This is a great thread. Not many like this one anymore. I hope a lot of people are reading this.

[gaussmarkov]

This is a great thread. Not many like this one anymore. I hope a lot of people are reading this.

agreed.  i am learning from it.

[Sir H C]

Okay, only 1 more question from the noob... I hope...

I understand why you voltage divide to get the voltage on the resistor to be VE+VBE (I wonder if those abbreviations were right...)  But what kind of current do you need at the base out of the voltage divider?  AHHHH!!!
Sorry for the simple questions...

You can first order ignore the bias current going into the base, and if you make that resistive divider small enough (using a lot more current than the base) it works pretty good.  To save current you have to work more on how much current is going to the base and how much it is going to offset your divider.

[demonstar]

This stuff seemed so complicated at first but after all of this thread (after questions, successes and mistkes) it's just clicked!

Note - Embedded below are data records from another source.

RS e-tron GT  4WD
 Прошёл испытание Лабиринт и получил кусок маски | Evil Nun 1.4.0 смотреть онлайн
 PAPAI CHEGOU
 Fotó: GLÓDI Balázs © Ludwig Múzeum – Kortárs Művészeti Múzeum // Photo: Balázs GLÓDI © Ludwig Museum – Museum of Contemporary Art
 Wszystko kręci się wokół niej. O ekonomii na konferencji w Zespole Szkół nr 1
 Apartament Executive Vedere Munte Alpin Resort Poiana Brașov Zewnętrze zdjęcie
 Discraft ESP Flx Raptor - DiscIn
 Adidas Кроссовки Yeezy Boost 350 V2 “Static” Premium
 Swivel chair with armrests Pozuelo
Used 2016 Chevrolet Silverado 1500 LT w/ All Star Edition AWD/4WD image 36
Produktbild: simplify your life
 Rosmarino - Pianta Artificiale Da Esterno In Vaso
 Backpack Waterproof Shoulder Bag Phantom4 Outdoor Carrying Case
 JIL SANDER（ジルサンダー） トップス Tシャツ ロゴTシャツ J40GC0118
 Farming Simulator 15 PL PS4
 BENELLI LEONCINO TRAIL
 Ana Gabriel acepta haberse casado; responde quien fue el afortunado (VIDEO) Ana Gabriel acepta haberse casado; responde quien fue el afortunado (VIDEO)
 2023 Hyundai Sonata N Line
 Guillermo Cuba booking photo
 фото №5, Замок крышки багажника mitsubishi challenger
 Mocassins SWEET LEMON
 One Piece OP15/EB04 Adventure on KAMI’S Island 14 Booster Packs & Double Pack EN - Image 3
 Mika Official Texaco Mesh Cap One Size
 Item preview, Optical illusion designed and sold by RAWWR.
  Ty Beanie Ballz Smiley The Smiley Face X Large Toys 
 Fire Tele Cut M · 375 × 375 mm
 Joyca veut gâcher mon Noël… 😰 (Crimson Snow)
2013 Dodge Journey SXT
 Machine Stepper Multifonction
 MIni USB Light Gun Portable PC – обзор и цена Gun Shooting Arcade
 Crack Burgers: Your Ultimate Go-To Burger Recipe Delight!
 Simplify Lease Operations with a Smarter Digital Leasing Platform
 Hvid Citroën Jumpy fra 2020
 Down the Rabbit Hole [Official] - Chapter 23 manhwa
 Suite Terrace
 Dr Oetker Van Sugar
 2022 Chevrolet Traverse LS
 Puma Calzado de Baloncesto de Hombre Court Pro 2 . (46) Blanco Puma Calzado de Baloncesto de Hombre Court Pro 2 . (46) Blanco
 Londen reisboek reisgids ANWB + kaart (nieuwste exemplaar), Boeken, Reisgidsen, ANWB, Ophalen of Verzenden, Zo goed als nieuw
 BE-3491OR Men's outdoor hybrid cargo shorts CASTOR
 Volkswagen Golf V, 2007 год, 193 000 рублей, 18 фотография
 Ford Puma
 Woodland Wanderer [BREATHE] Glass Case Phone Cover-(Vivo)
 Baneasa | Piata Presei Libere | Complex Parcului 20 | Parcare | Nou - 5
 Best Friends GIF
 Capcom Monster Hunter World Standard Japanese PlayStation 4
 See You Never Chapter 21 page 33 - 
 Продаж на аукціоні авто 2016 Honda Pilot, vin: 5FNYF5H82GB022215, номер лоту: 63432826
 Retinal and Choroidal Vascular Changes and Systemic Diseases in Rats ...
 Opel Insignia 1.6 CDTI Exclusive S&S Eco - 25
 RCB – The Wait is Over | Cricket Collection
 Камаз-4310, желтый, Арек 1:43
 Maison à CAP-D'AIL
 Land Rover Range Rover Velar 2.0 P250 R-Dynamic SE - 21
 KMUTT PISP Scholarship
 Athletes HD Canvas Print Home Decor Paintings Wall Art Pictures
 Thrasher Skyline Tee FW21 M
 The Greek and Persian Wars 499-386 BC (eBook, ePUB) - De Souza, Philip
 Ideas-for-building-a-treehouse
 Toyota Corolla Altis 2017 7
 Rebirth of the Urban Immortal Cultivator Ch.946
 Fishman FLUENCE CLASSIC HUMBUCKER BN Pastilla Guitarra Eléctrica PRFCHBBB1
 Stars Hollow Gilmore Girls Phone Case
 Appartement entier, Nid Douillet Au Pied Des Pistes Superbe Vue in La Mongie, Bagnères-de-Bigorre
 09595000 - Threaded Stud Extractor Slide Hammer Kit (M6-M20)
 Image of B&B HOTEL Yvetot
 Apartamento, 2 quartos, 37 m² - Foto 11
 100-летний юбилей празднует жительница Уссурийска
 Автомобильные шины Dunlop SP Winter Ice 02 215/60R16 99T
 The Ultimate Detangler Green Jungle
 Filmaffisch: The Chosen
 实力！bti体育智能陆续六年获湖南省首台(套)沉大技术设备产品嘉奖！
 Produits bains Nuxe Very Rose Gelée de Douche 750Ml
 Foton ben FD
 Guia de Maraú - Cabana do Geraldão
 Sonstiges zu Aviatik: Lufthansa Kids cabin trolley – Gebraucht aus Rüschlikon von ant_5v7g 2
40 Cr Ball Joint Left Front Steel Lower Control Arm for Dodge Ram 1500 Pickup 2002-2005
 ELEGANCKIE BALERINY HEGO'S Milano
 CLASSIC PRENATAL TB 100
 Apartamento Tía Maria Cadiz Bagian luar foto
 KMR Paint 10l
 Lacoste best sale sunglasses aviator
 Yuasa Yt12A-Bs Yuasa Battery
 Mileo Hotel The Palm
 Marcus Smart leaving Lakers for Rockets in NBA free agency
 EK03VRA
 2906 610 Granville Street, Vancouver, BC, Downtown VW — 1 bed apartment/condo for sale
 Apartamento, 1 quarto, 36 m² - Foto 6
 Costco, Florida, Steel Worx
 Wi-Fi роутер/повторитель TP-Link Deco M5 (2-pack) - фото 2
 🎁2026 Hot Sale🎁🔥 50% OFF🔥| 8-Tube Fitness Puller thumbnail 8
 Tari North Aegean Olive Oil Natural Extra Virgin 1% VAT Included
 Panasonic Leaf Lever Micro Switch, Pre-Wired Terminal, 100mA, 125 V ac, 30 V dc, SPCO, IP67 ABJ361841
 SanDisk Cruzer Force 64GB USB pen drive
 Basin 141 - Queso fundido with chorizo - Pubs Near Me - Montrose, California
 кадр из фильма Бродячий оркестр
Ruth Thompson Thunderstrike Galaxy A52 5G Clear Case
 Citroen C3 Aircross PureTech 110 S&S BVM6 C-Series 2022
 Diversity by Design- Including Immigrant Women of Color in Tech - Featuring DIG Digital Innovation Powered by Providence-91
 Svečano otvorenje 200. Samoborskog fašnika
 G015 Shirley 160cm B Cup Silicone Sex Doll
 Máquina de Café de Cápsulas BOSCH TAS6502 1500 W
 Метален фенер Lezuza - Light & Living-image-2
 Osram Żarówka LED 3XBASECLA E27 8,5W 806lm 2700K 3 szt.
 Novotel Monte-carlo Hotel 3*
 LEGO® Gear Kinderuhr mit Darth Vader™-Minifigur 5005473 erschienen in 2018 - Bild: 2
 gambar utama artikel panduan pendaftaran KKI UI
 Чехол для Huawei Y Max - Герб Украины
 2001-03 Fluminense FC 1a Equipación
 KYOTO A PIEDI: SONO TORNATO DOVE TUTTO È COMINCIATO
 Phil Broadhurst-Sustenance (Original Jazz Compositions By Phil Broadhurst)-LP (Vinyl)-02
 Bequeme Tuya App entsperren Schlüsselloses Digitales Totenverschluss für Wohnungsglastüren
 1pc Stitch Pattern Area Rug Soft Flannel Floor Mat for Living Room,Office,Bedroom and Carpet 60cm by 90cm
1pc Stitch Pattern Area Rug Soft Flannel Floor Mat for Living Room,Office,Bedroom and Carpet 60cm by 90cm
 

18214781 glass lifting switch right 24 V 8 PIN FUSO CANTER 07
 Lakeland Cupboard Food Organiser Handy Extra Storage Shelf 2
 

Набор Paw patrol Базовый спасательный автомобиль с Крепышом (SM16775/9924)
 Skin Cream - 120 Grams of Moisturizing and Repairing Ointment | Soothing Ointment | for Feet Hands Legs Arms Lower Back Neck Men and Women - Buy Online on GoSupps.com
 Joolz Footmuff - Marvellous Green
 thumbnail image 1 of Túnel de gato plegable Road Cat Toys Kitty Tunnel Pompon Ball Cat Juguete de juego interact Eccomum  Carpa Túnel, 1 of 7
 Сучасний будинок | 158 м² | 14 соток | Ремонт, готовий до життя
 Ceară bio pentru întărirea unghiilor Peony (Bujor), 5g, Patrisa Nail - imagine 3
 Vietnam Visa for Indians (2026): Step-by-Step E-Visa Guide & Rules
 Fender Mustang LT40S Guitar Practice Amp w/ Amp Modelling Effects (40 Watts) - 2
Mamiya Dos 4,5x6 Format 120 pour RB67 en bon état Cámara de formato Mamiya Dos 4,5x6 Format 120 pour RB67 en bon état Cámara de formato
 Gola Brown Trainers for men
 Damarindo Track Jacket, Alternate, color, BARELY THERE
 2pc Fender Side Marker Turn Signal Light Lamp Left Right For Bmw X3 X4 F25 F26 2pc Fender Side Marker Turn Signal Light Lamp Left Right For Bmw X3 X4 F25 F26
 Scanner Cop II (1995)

Now i read the article on mosfets at geofex and i got them too. They don't seem too far apart. Total epiphany! 

What should I do next? JFETs? I'm off college for easter at moment so have more time for this stuff than usual.

[Sir H C]

Play more with the BJTs.  Get it so that you can see the ballet in all its splendor, know it cold.  jFETs would be a decent next step, or MOSFETs.  MOSFETs are more prevelent in the world, but are much easier to kill.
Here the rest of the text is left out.